ヘロドトスはギリシアの神々の意志や神託の結果を尊重し、ギリシア人の立場から『歴史』を物語的叙述で著したが、この点は後に現れるアテナイの歴史家トゥキュディデスが著した実証的な『戦史』と対比的に捉えられている。
『歴史』はヨーロッパで最も古い歴史書の一つであり、後世まで読みつがれたほか、中世ビザンティン時代のギリシア人達もヘロドトスに倣った形式で歴史書を書いた。

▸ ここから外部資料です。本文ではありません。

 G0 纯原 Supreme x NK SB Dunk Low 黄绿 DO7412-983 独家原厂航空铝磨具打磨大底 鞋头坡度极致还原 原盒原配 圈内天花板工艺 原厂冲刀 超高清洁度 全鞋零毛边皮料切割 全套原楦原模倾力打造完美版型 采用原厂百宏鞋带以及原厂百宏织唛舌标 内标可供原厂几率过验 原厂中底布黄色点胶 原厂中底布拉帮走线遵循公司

現在でも古代ギリシア、古代オリエント、古代エジプトの歴史研究の上で欠かせない書物の一つとなっている。
なお、「エジプトはナイルの賜物」と言う言葉はヘロドトスが『歴史』(巻二、五)に書いているが元はヘカタイオスの言葉である(この「エジプト」はナイルデルタを指しており、デルタがナイル川の運ぶ泥が滞積したものであることは当時から知られていた)
関連文献
- 松平千秋訳 『ヘロドトス 歴史』 岩波文庫(全3巻、改版2006年)[1]
- 藤縄謙三 『歴史の父 ヘロドトス』(新潮社 1989年/新装版「ヘロドトス」 魁星出版 2006年)
- 前田耕作 『アジアの原像 歴史はヘロドトスとともに』 (日本放送出版協会〈NHKブックス〉 2003年)
- 桜井万里子 『ヘロドトスとトゥキュディデス 歴史学の始まり』(<ヒストリア023>山川出版社 2006年)
- 中務哲郎 『ヘロドトス「歴史」――世界の均衡を描く』 (書物誕生:岩波書店、2010年)
バビロンの結婚市場
2012年夏現在、世界の金融市場では金融緩和が進み、欧州では基準とされる金利の数字がマイナスとなる、未曾有の状態になっている。金利がマイナスになる事態は考えにくいことであった。これに関連して、ヘロドトスの「バビロンの結婚市場」が、次のような文脈で例示として取り上げられている。[2]
『同じ財が同じ市場で正と負の両方の価格で売られる事例は、古代ギリシャの歴史家ヘロドトスが記した「バビロンの結婚市場」がある。花嫁候補を美しい順に並べると、最初は正の価格がつくが、一線を越えれば負の価格(持参金)がつく。』